AIM OF THE TASK: Every line below must be copied as written, except for pictures.

DATA SEGMENT:
■ ■ ■ ■

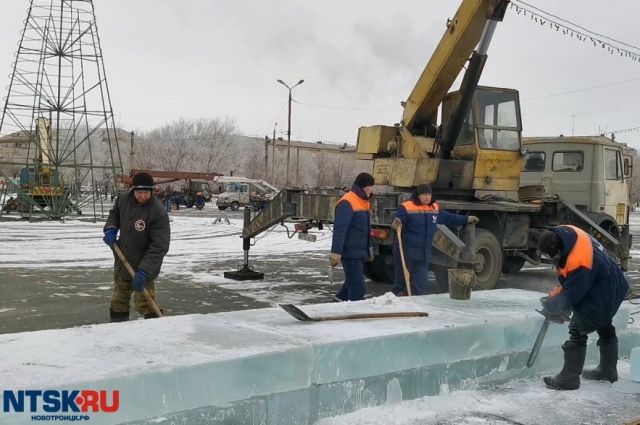 В Новотроицке начали возводить ледовый городок стоимостью 1,5 млн. 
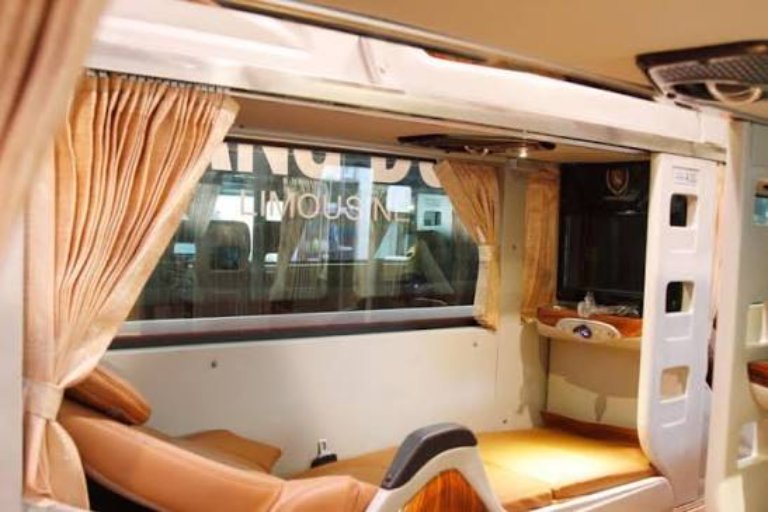 Quang Dũng VIP: limousine WC riêng, phòng đơn tiện nghi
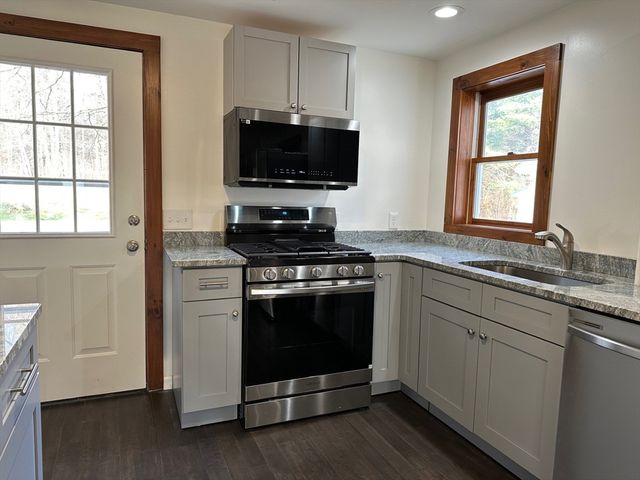 52 Valley Road, Southampton, MA 01075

■ ■ ■ ■

RESPONSE AREA:
 В Новотроицке начали возводить ледовый городок стоимостью 1,5 млн. 
 Quang Dũng VIP: limousine WC riêng, phòng đơn tiện nghi
 52 Valley Road, Southampton, MA 01075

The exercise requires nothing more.